A team of 80 lexicographers has been working on the third edition of the OED – known as OED3 – for the past 21 years.
The dictionary’s owner, Oxford University Press (OUP), said the impact of the internet means OED3 will probably appear only in electronic form.The most recent OED has existed online for more than a decade, where it receives two million hits a month from subscribers who pay an annual fee of £240.
“The print dictionary market is just disappearing, it is falling away by tens of per cent a year,” Nigel Portwood, the chief executive of OUP, told the Sunday Times. Asked if he thought the third edition would be printed, he said: “I don’t think so.”

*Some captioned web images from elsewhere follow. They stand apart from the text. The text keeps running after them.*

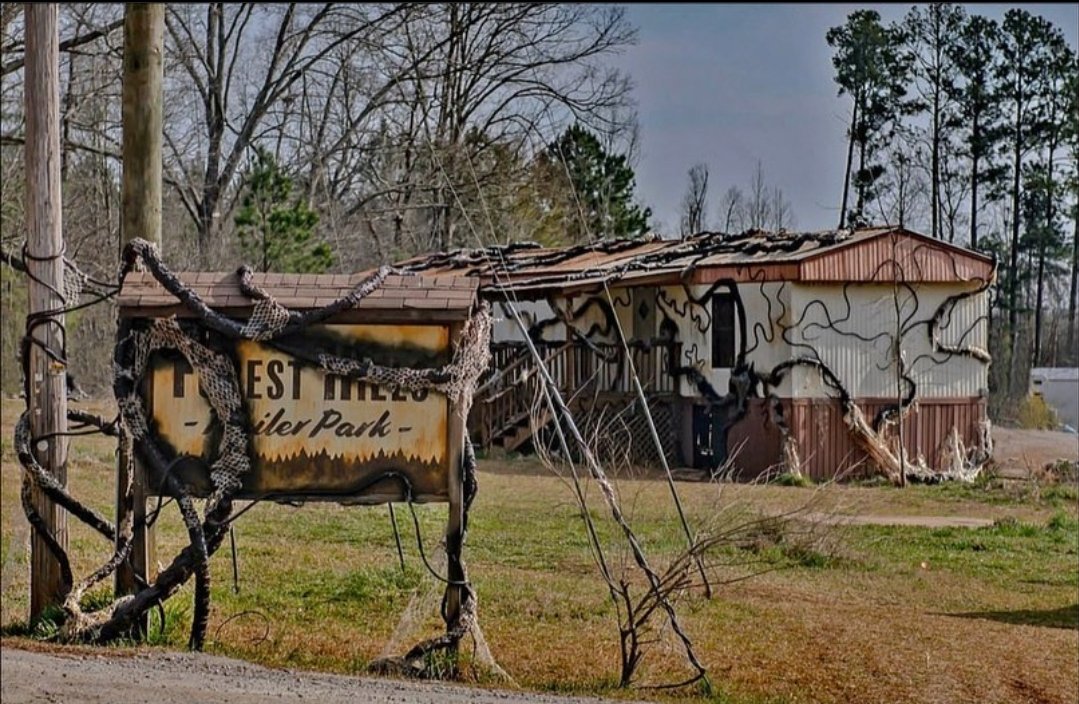 The Upside Down trailer park has a name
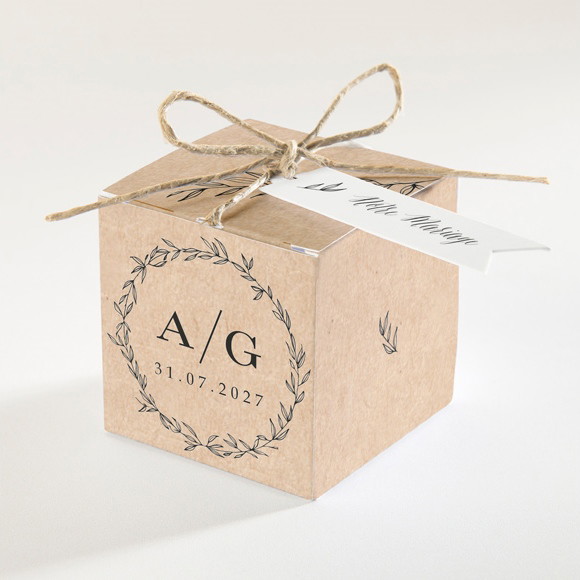 Boîte de dragées mariage Douce harmonie réf.N340147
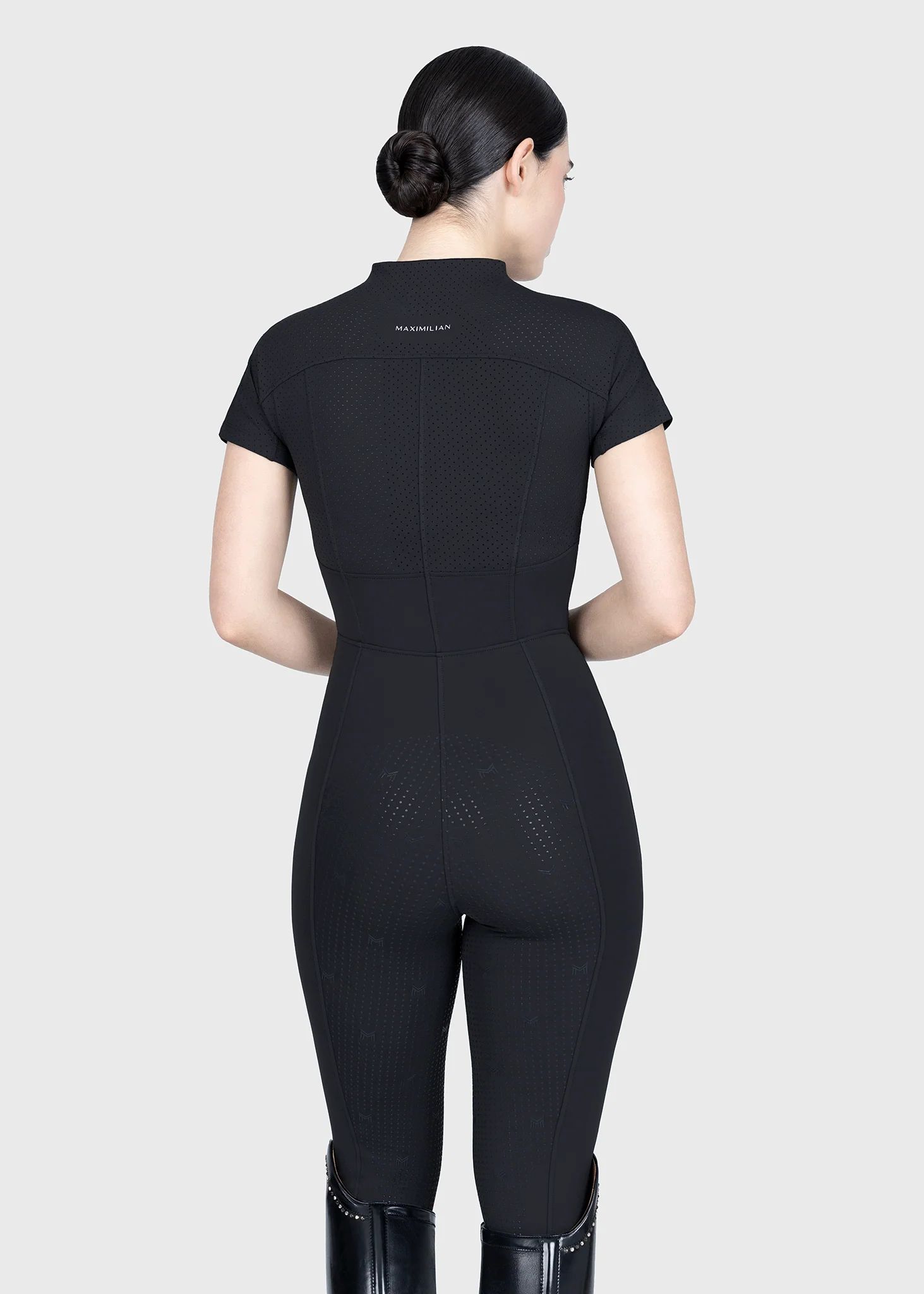Air-Tech Riding Jumpsuit (Black) - Image 3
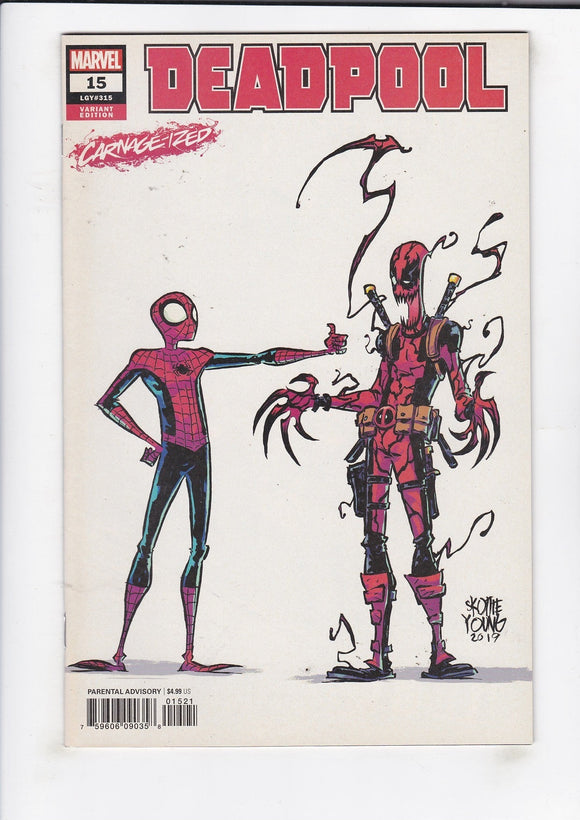 Deadpool  Vol. 7  # 15  Young Variant  (2019)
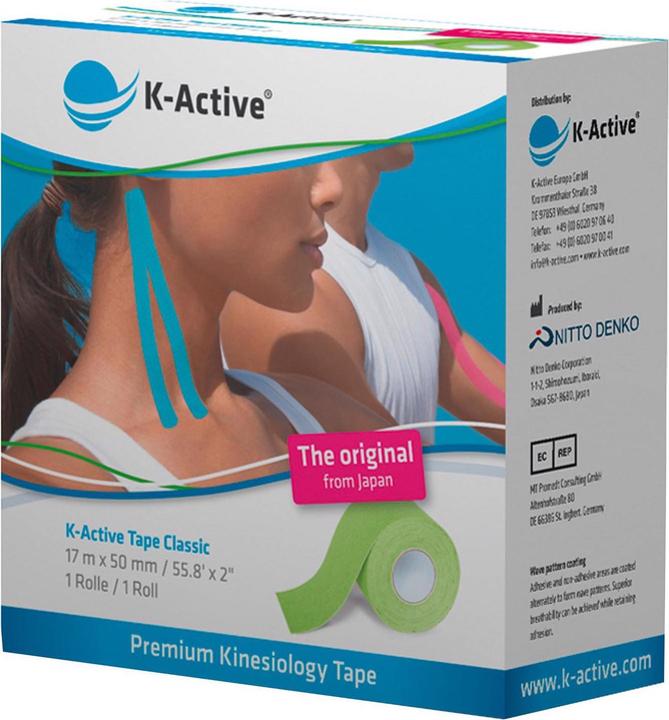 Actual product image K-Active Tape Classic Green (0.17 m)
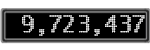 The GaugeControl contains 1 gauge with values: (9,722,047).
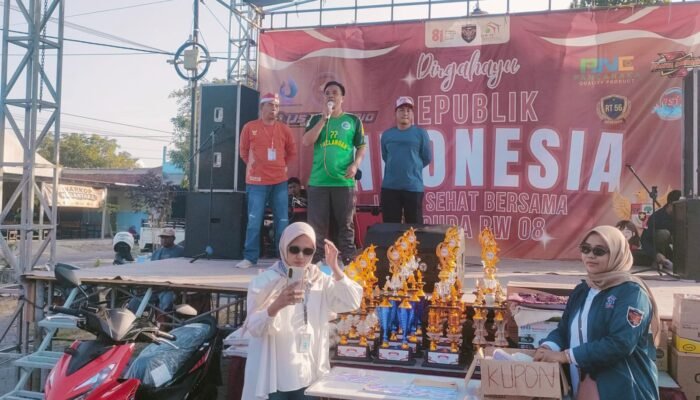 Camat Tulangan Buka Jalan Sehat HUT RI ke-81 di RW 08 Perumtas 3 Grabagan-Sidoarjo, Dorong Warga Rawat Fasum-Fasos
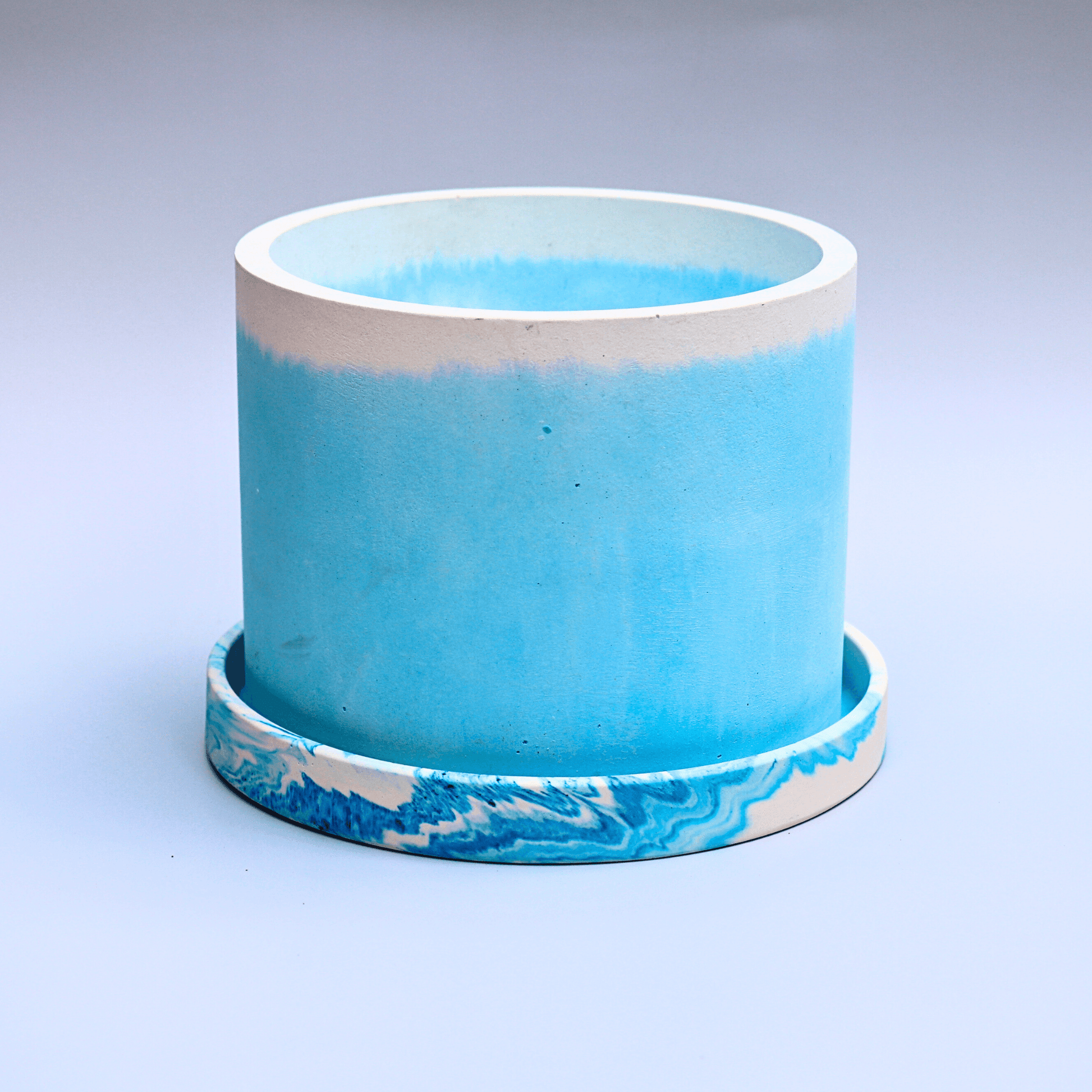Small blue marble palnter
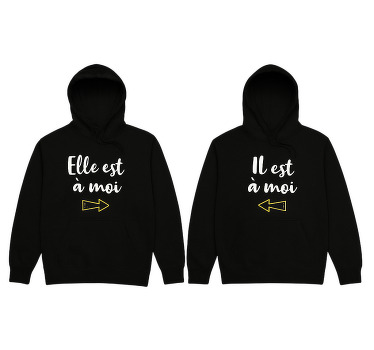 Sweat lui et elle sont à moi - TenStickers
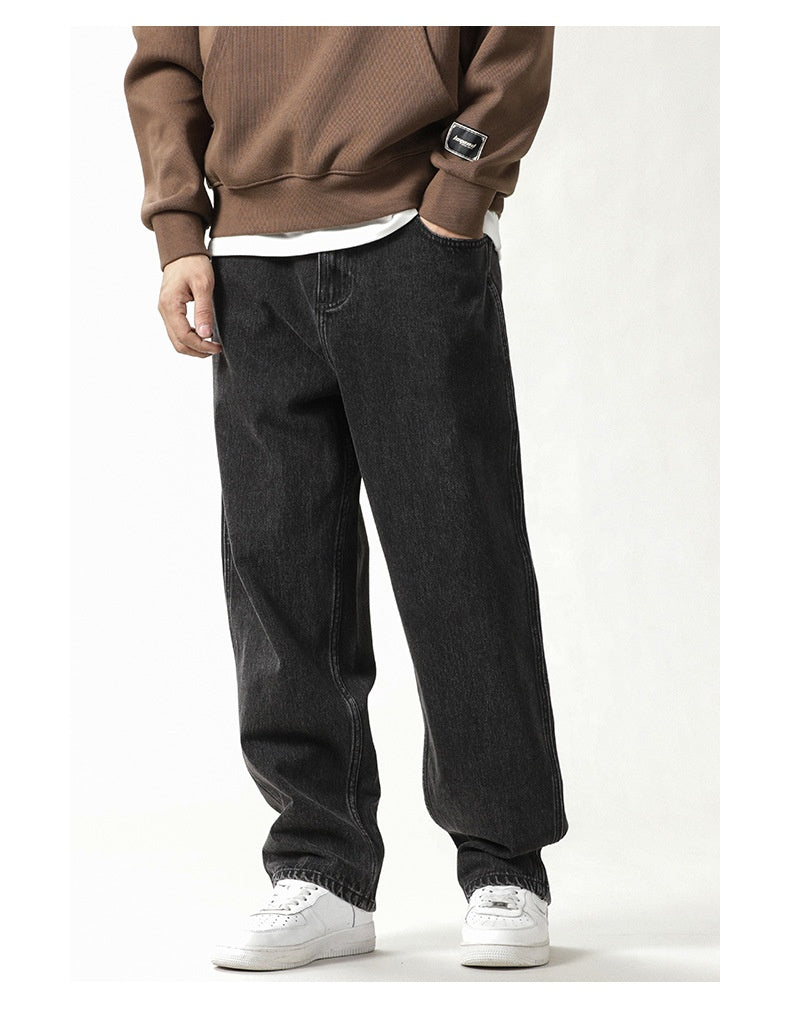 Stylish Loose Plus Size Jeans for Men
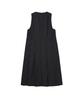 Cotton Bell Pleated Skirt Dress - Black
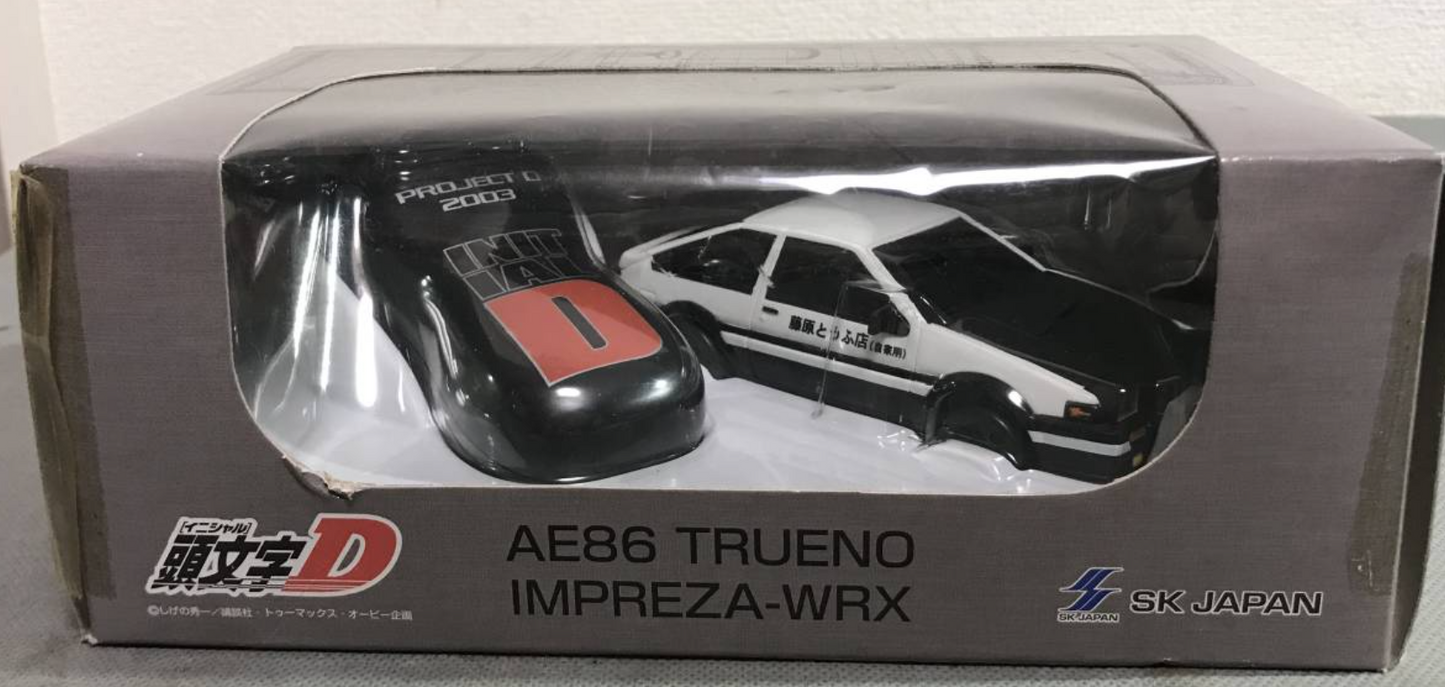 SK Japan Initial D AE86 Trueno Impreza WRX Radio Control Car Action Figure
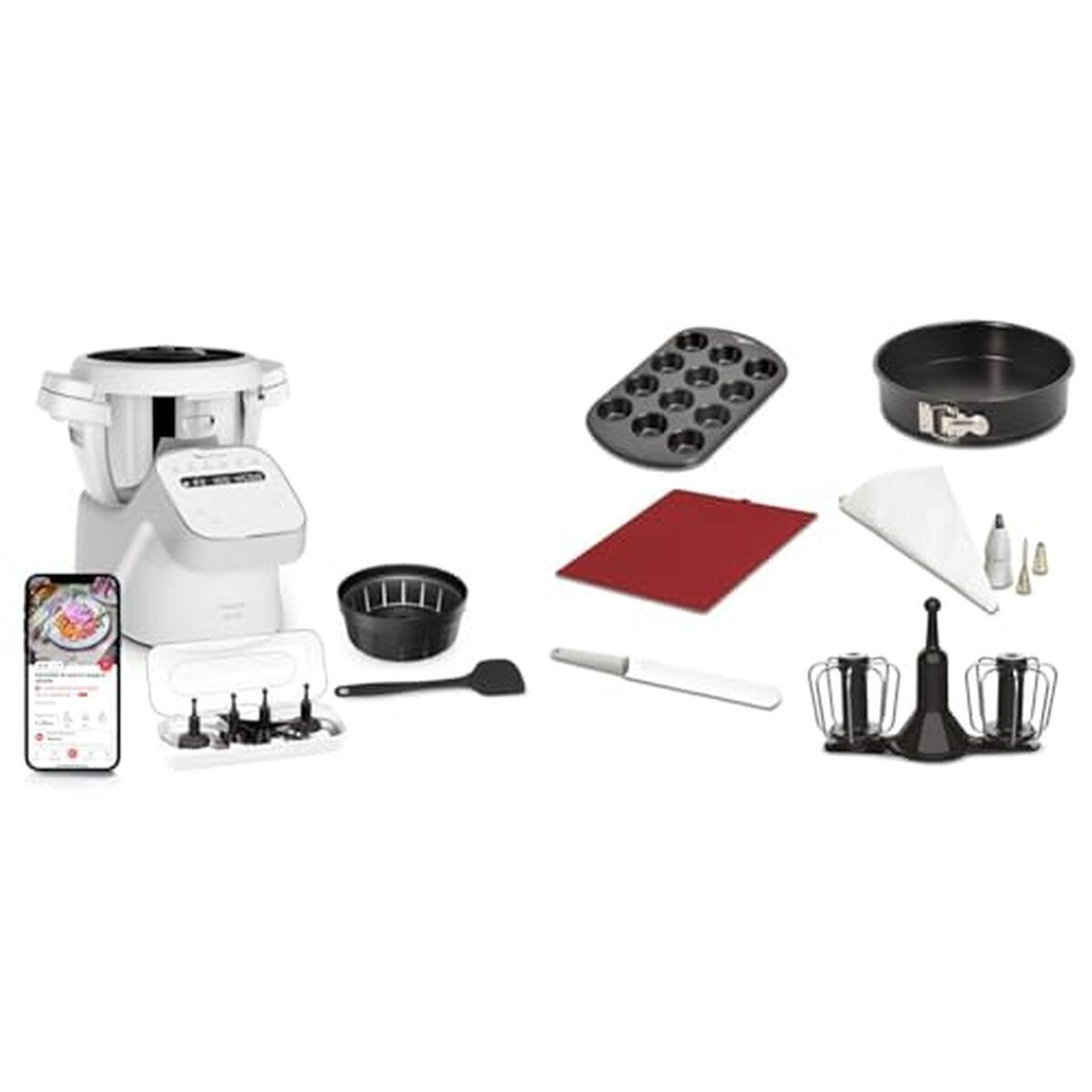 Test du Moulinex companion HF8408F1 XXL : le robot cuiseur ultime avec kit pâtisserie
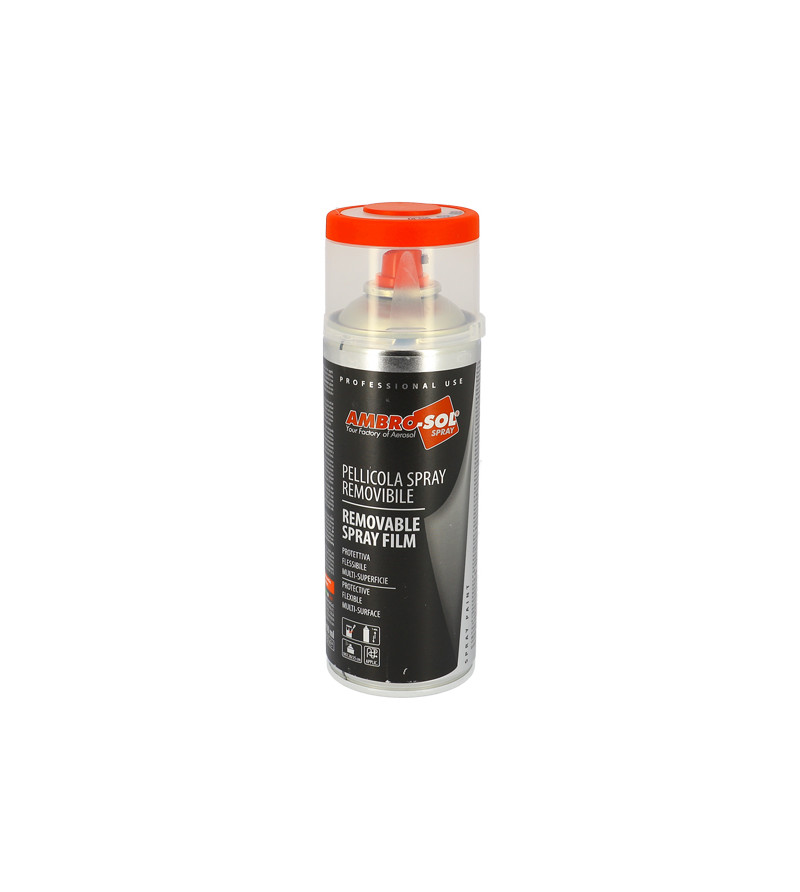 BOMBE PEINTURE AMBRO-SOL AMOVIBLE ROUGE RAL 3000 (AEROSOL 400ML)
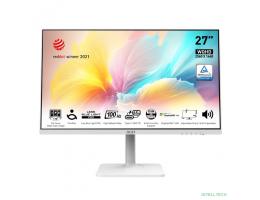 MSI Modern 27" MD272QXPW  белый {IPS 2560x1440 100Hz 16:9 300cd 178/178 HDMI DisplayPort USB  HAS Pivot}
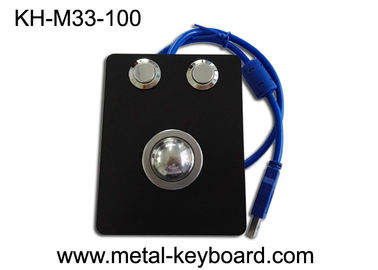 پنل کوه صنعتی اشاره گر دستگاه Black Metal Trackball IP65 Operation Smooth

Almost one third of a million entries were contained in the second version of the OED, published in 1989 across 20 volumes.
The next full edition is still estimated to be more than a decade away from completion; only 28 per cent has been finished to date.
OUP said it would continue to print the more familiar Oxford Dictionary of English, the single-volume version sold in bookshops and which contains more contemporary entries such as vuvuzela, the plastic trumpet encountered in the 2010 football World Cup.
Mr Portwood said printed dictionaries had a shelf life of about another 30 years, with the pace of change increased by the popularity of e-books and devices such as the Apple iPad and Amazon’s Kindle.
Simon Winchester, author of ‘The Meaning of Everything: The Story of the Oxford English Dictionary’, said the switch towards online formats was “prescient”.
He said: “Until six months ago I was clinging to the idea that printed books would likely last for ever. Since the arrival of the iPad I am now wholly convinced otherwise.
“The printed book is about to vanish at extraordinary speed. I have two complete OEDs, but never consult them – I use the online OED five or six times daily. The same with many of my reference books – and soon with most.
“Books are about to vanish; reading is about to expand as a pastime; these are inescapable realities.”
The first dictionary in recognisable format was Samuel Johnson’s, which was published in 1755. It remained the standard text for 150 years until the OUP embarked on its project in 1879.
The first OED came out in sections from 1884, completed in 1928.
Despite its worldwide reputation, the OED has never made a profit. The continuing research costs several million pounds a year. “These are the sort of long-term research projects which will never cover their costs, but are something that we choose to do,” Mr Portwood said.
A spokesman for the OUP said a print version of OED3 could not be ruled out “if there is sufficient demand at the time” but that its completion was “likely to be more than a decade” away.